**YOUR INSTRUCTIONS:** Transcribe the records that follow exactly. Skip the pictures.

**RECORDED DATA:**

+++++

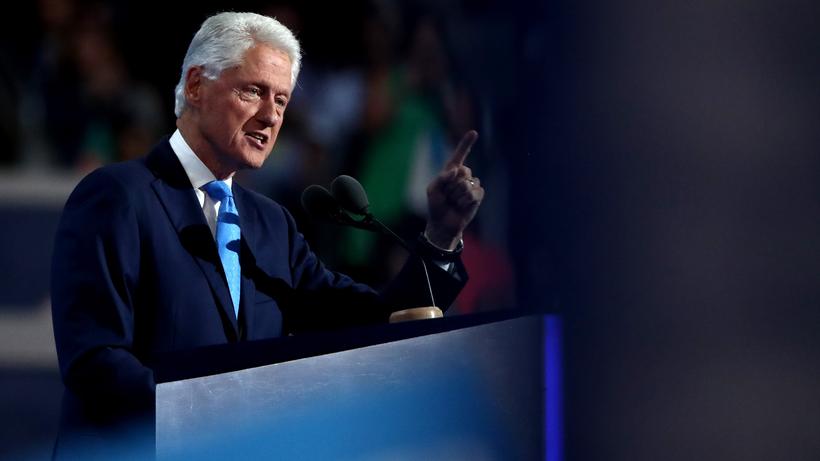 Bill Clinton: Bill Clinton auf dem Parteitag der Demokraten in Philadelphia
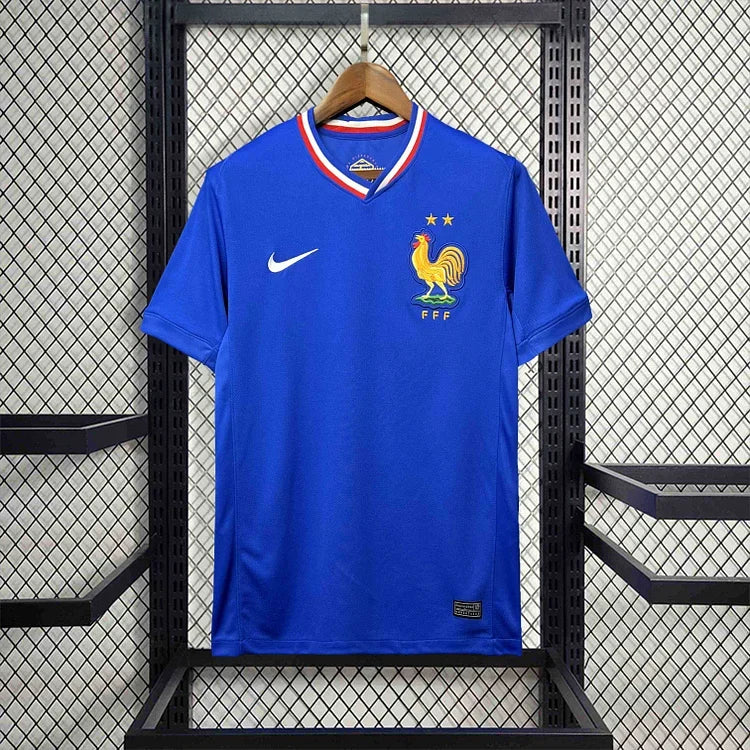 Team of France Football Home Shirt 2024 2025 EURO2024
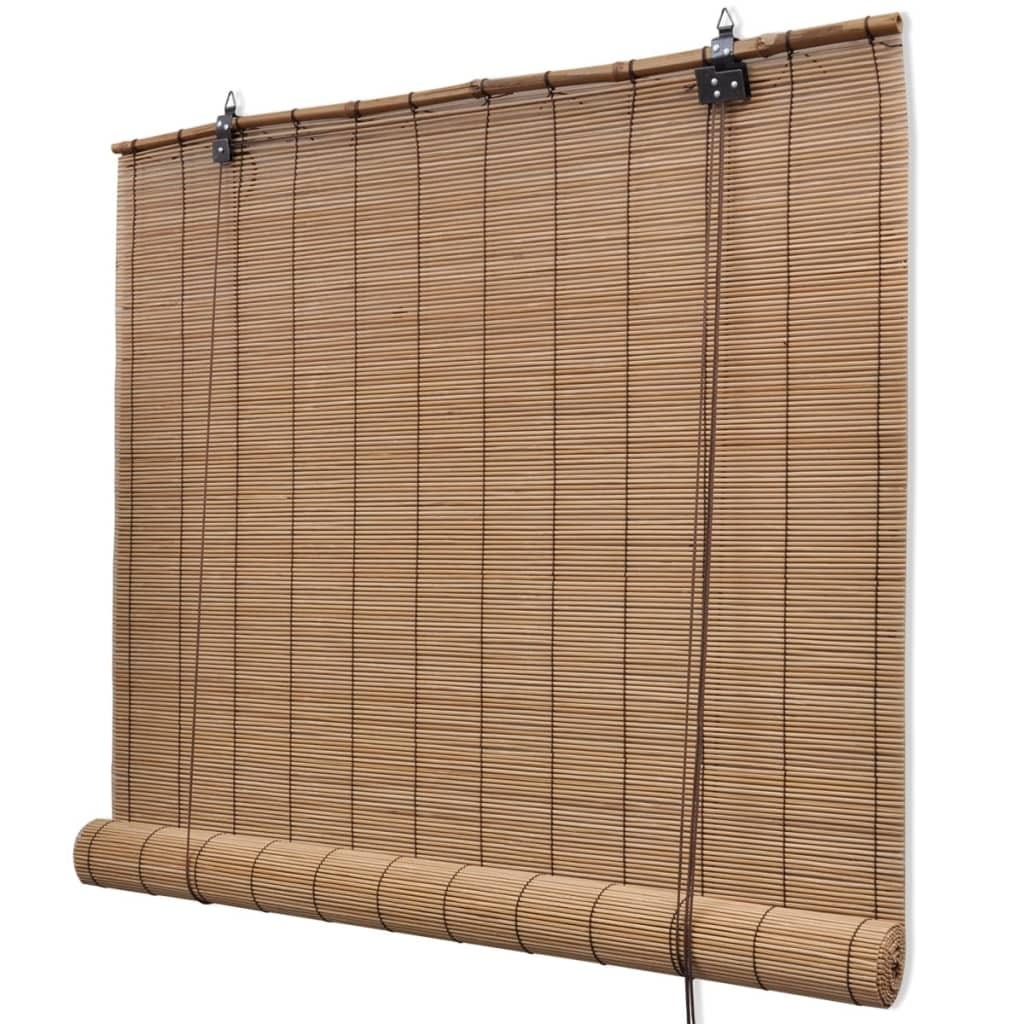 Brun bambus rullegardin 100 x 160 cm( 241327) | FINN-torget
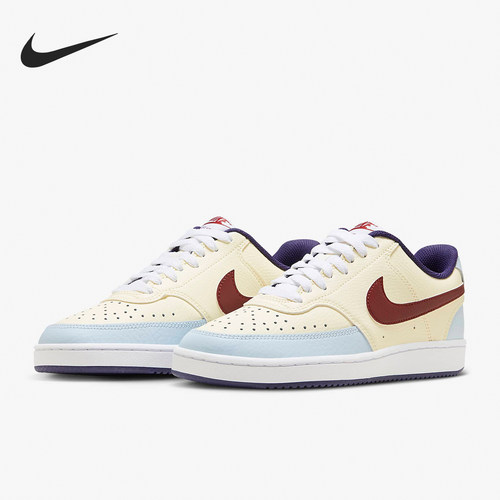 Nike/耐克官方正品Court Vision Low女士运动低帮板鞋FV8114-161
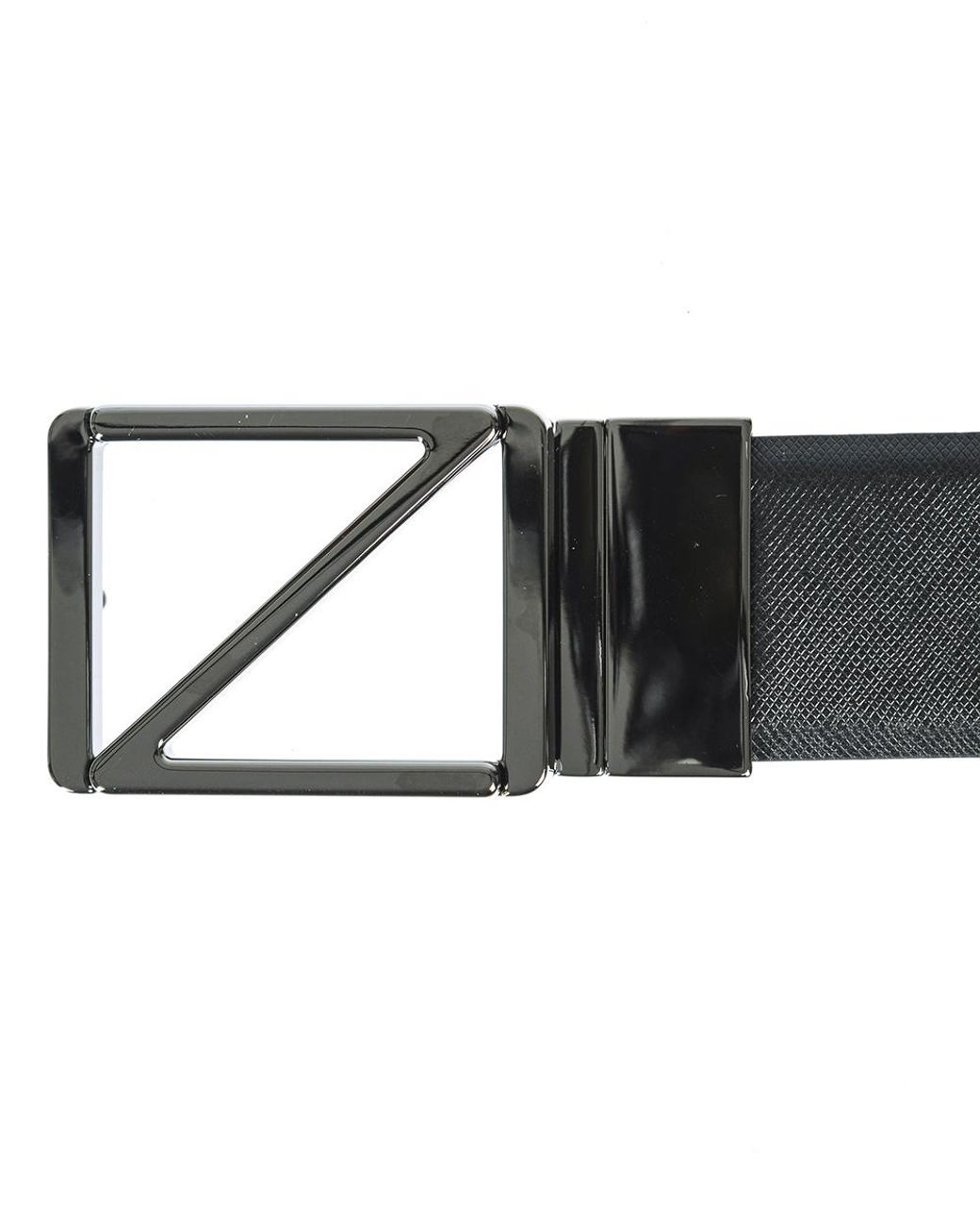 Zegna Black Logo Belt for men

+++++

**TASK RESULT:**
 Bill Clinton: Bill Clinton auf dem Parteitag der Demokraten in Philadelphia
 Team of France Football Home Shirt 2024 2025 EURO2024
 Brun bambus rullegardin 100 x 160 cm( 241327) | FINN-torget
 Nike/耐克官方正品Court Vision Low女士运动低帮板鞋FV8114-161
 Zegna Black Logo Belt for men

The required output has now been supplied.